Apple Nanjing

The Major League Baseball has struck a deal with Apple Inc. (NASDAQ:AAPL) to equip teams with iPads in the dugout. The association is following in the National Football League’s footsteps by doing this though the MLB is using Apple as the supplier.

The NFL, which is supplied by the Microsoft tabs, started using tablets in the 2013 season, after striking a five-year, $400 million deal.

MLB’s 30 teams will be equipped with iPad Pros to use for the upcoming 2016 season. The move helps the teams, particularly coaches giving them the ability to get game statistics from past games, video analysis of previous games and can go as far as simulating potential pitcher-batter matches.

The move also means that the data shown will be proprietary to each team meaning it is not taken from a central, league-wide database. This gives teams the opportunity to use their data to gain a competitive advantage. Use of Apple’s devices simplifies the process for them and gives them access to the data in a more interactive and easier way.

The teams are lucky enough to be equipped with the efficient and convenient 12.9 inch iPad Pro and custom cases with each team’s logo will be fitted on it too.
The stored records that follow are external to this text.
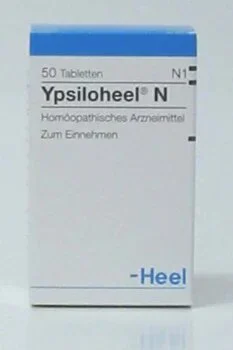 Ypsiloheel - 50 tabletter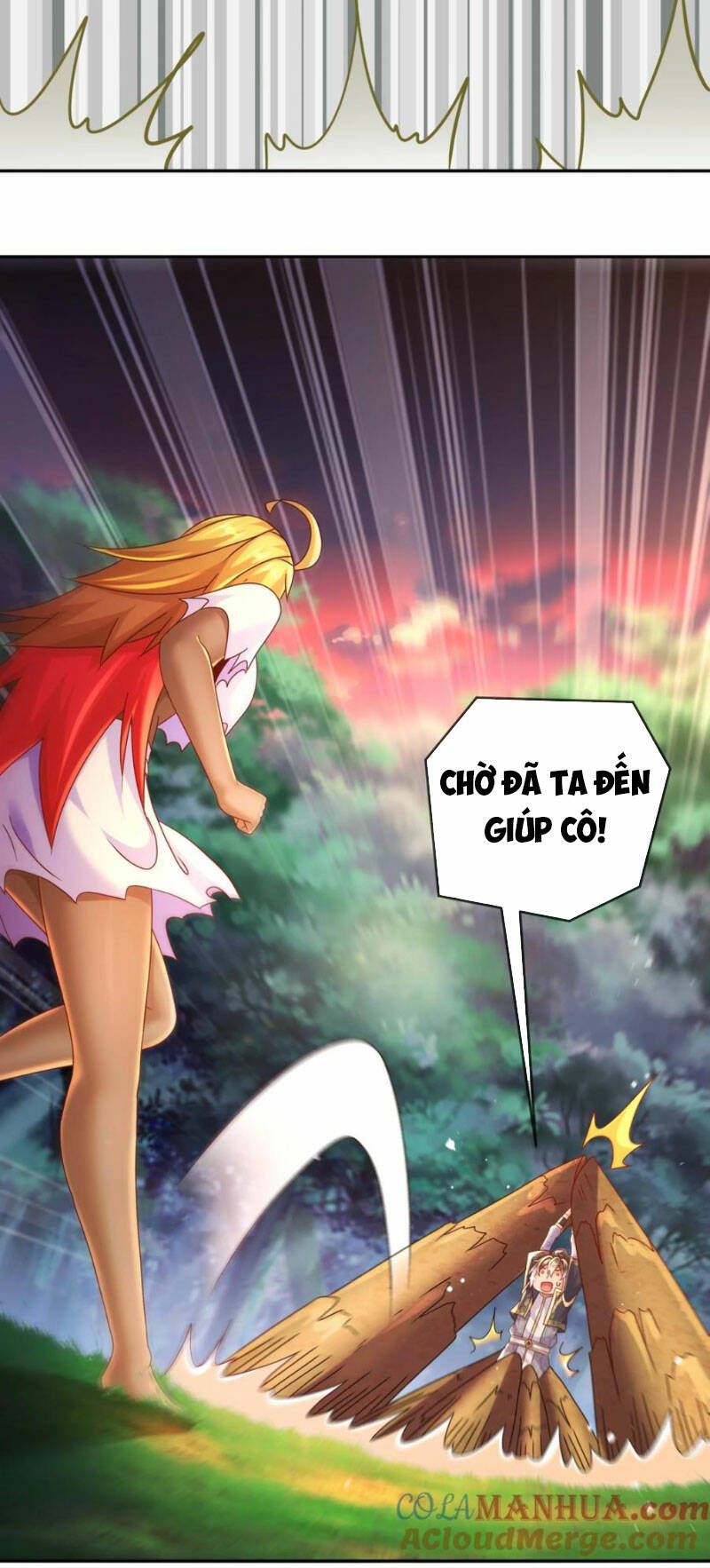 Tuyệt Sắc Đạo Lữ Đều Nói Ngô Hoàng Thể Chất Vô Địch Chapter 103 - Trang 13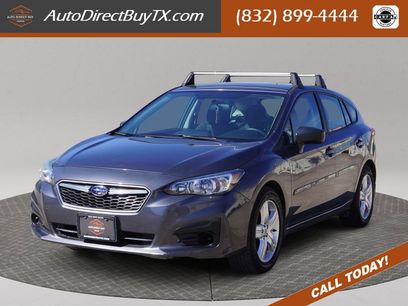 Used 2018 Subaru Impreza 2.0i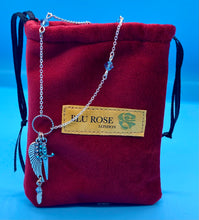 Load image into Gallery viewer, The Azure Guardian Necklace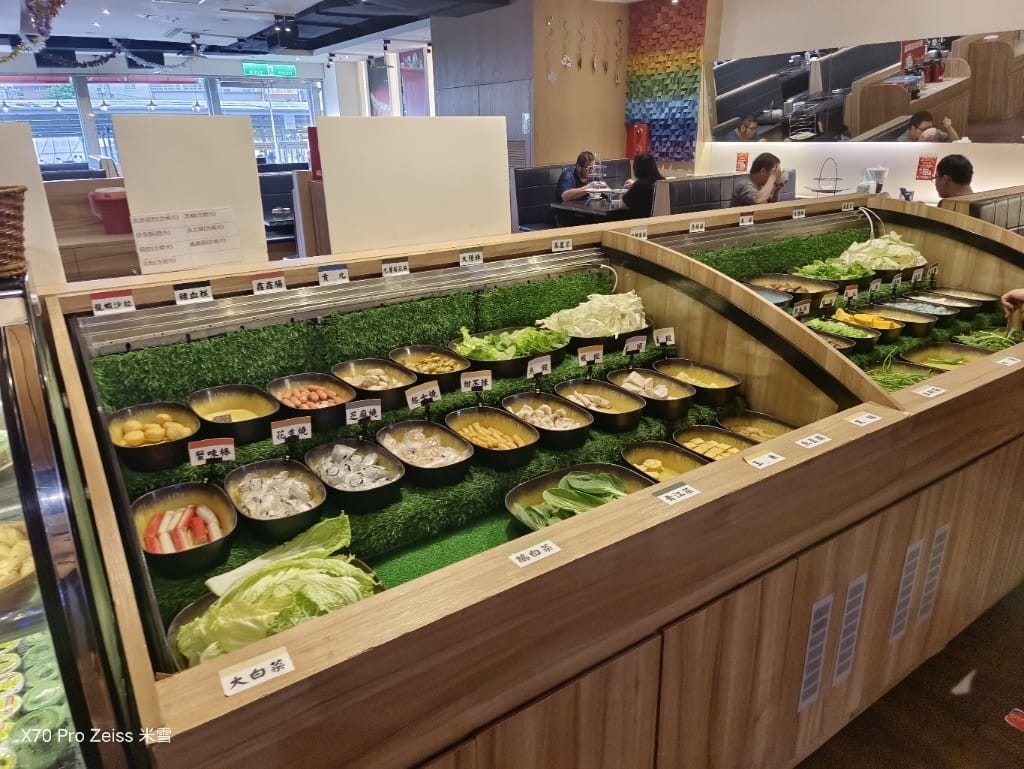【桃園吃到飽】小蒙牛頂級麻辣養生鍋家樂福中壢店開箱❤️ - 第14張圖 【桃園吃到飽】小蒙牛頂級麻辣養生鍋家樂福中壢店開箱❤️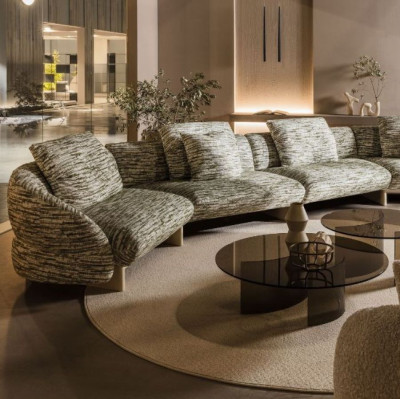 Sofa modułowa Fleur Nicoline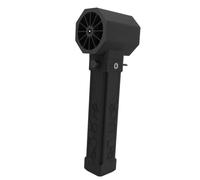 Naroote Angle de Poussière électrique, Souffleur de Séchage de Rayonnement Multifonctionnel de la Génération de Chaleur Faible pour Le Nettoyage de la Neige de la Voiture. (Prise UE)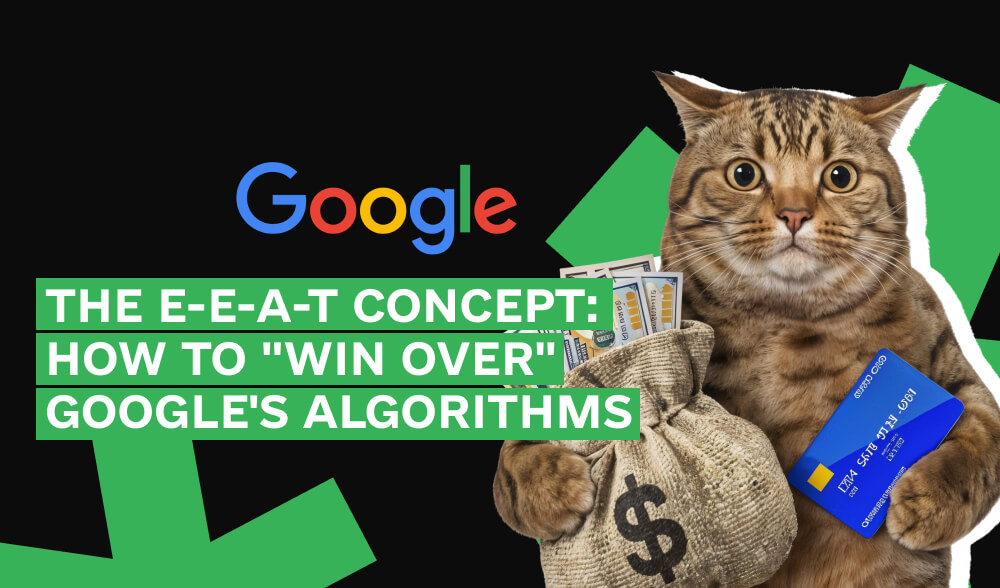 AI copywriting for E-E-A-T: how to write expertly even if you're a no-name
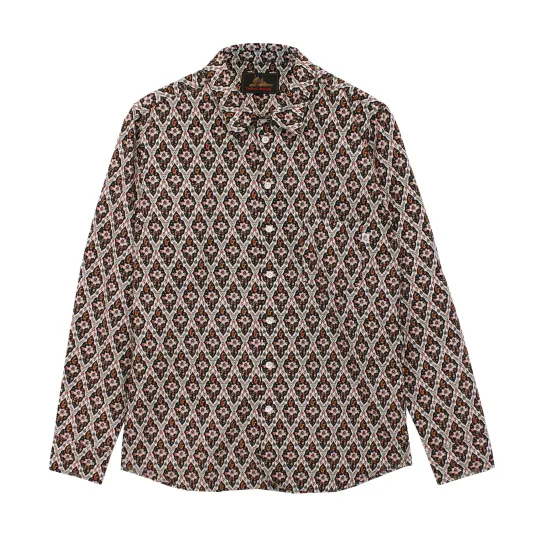 Chemise de gardian homme Li-Flour - Vincent et Mireille
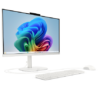 Desktop HP OmniStudio  All-in-One D79Z0EA 24-cw0001nv 24" FHD Touch Ryzen 7-445/16GB/1TB/W11H White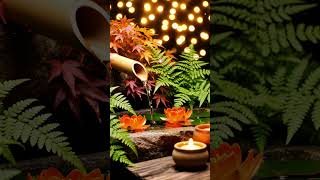 Pond Echoes #meditation #relax #bamboo #sleep #rest #relaxingmusic #insomniahealing #Soundofwater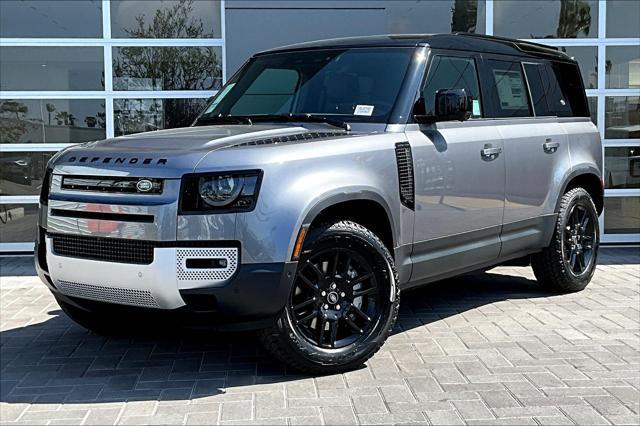 new 2024 Land Rover Defender car, priced at $77,838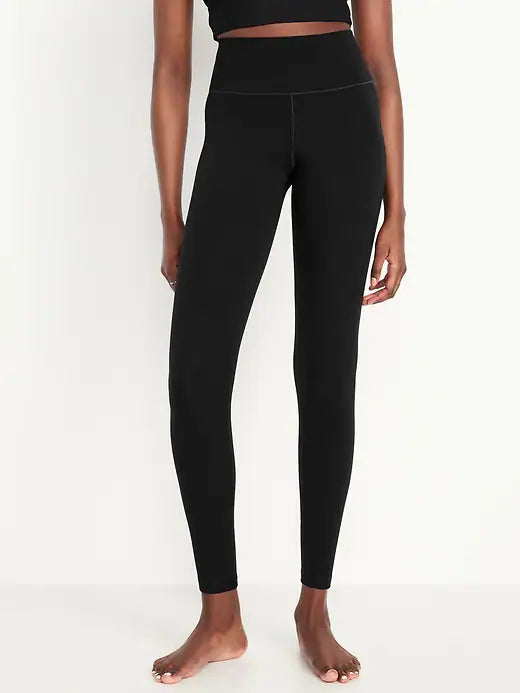 High-Waisted StudioSmooth Full-Length Leggings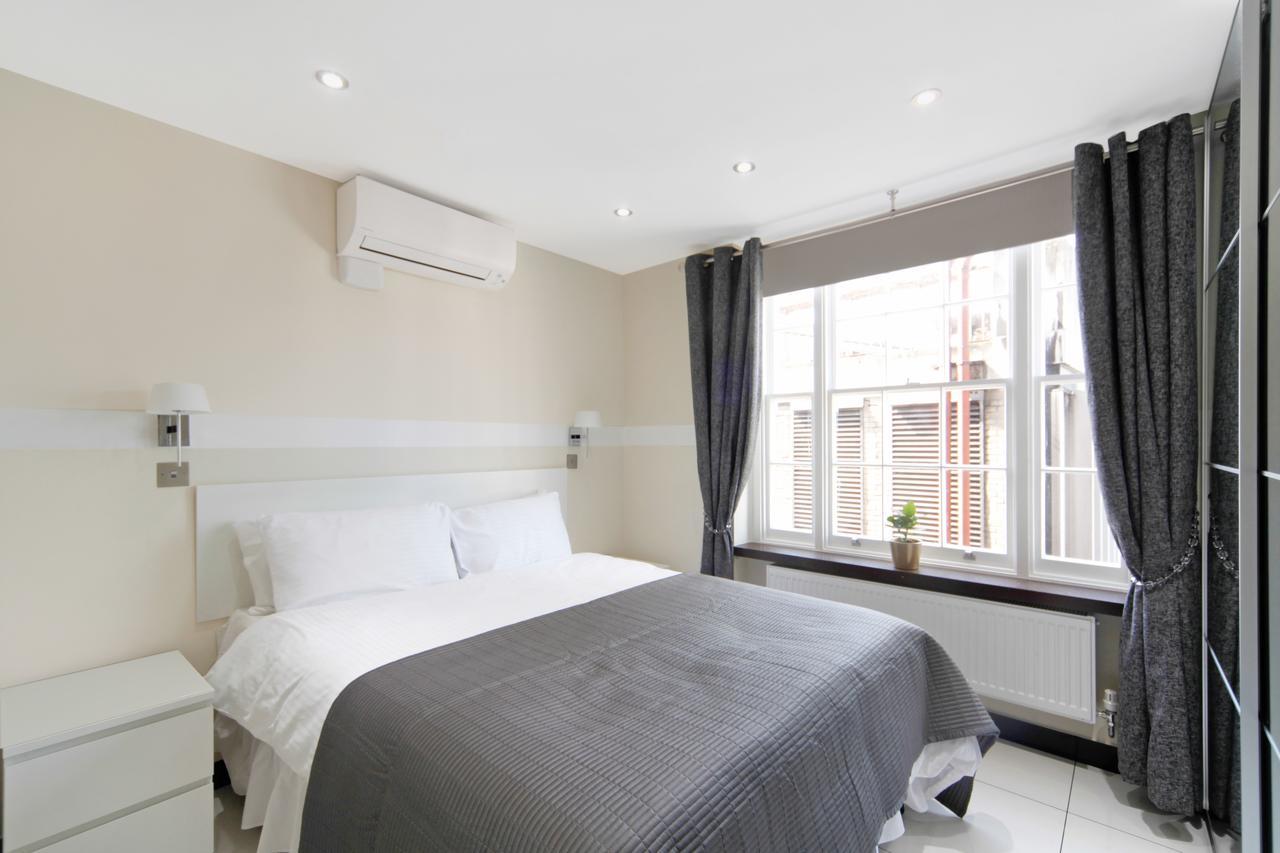 Bryanston Apartments Londra Esterno foto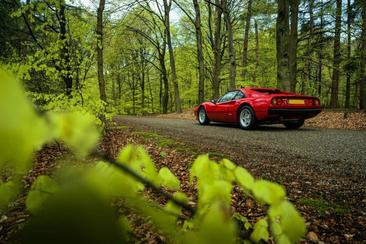 Ferrari 308 GTB — photo 2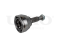 Outer CV joint thumb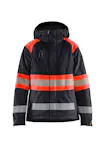 Zwart/Rood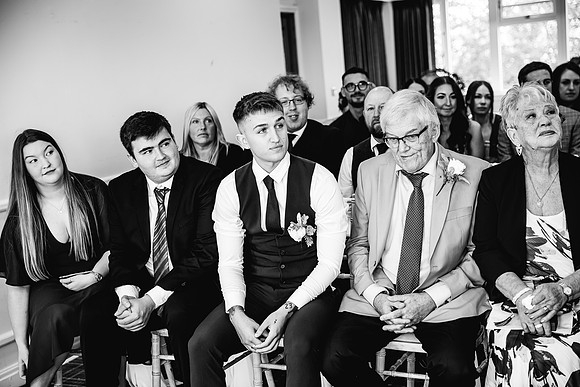 Wychwood Park Wedding Photography - Jessica & Mark-218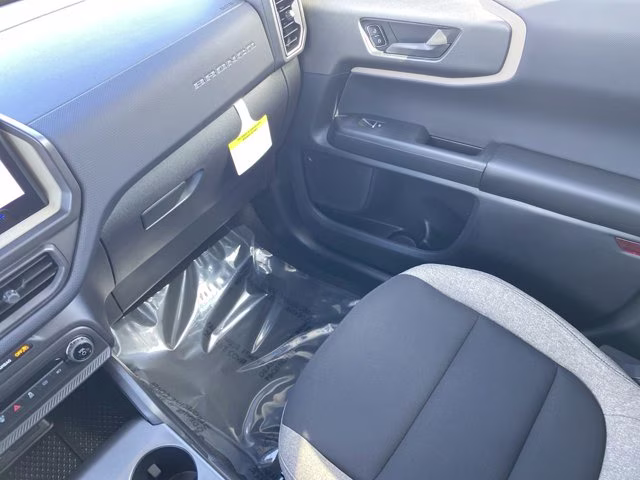 2026 Azure Gray Metallic Tri-Coat Ford Bronco Sport Big Bend 4X4 SUV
The software part will be handled by a new MLB custom app called the MLB Dugout. The software and the app were built with the help of Apple by an in-house division of MLB, the MLBs Advance Media Division.

When NFL changed from drawing tactics on paper to tablets they had difficulties and the jury is out there to see if MLB will have the same problems. When NFL changed and started using Microsoft Tabs, they had challenges and Apple even came out saying that behind the scenes many NFL teams were still using iPads because   they had technical difficulties with the Surface Tablet.

The Apple MLB deal is similar to that of the NFL Microsoft, which gives both parties an advantage in advertisements for Apple and as a legitimate coaching aid for the league and its teams also.

Apple confirmed the deal to reporters and their marketing senior vice president said that “We are not just replacing binders with tablets, we are helping them do things that were not possible before.” There were no financial details disclosed, however.